**What this task involves:** Every line in the entries that holds "Black" should be identified and copied.

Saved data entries
------------------------------
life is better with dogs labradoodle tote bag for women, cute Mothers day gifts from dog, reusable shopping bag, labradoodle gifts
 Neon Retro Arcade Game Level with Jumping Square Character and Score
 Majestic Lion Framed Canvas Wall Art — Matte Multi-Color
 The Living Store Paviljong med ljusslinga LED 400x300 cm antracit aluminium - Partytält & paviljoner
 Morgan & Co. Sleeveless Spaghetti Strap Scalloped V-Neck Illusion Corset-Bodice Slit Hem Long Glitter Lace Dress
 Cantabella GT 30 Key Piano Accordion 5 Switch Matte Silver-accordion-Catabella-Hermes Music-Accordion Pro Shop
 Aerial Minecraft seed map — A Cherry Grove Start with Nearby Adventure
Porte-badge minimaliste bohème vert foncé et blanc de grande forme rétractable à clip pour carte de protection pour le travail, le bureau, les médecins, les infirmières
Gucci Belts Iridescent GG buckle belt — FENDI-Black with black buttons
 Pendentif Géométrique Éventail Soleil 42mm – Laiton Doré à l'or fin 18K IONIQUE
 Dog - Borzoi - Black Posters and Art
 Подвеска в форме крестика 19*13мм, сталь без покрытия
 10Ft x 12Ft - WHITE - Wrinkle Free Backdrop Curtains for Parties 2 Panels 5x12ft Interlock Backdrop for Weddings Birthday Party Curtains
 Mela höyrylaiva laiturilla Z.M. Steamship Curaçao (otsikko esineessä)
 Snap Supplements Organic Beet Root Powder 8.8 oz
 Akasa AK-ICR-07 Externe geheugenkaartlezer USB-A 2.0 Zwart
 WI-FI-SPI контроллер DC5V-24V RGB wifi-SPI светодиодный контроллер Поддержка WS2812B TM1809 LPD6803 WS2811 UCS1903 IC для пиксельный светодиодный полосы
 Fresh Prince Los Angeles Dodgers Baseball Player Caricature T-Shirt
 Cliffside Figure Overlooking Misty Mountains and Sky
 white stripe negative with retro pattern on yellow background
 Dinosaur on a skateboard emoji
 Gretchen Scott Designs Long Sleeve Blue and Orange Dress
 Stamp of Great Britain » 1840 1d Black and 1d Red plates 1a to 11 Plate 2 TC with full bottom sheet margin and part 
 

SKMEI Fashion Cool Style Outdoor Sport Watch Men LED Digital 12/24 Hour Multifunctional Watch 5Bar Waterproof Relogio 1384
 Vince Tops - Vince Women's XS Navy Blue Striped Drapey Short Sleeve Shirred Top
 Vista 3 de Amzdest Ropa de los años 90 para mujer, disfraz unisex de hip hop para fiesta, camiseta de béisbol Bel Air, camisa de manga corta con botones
------------------------------
**Output of the task:**
Gucci Belts Iridescent GG buckle belt — FENDI-Black with black buttons
 Dog - Borzoi - Black Posters and Art
 Stamp of Great Britain » 1840 1d Black and 1d Red plates 1a to 11 Plate 2 TC with full bottom sheet margin and part 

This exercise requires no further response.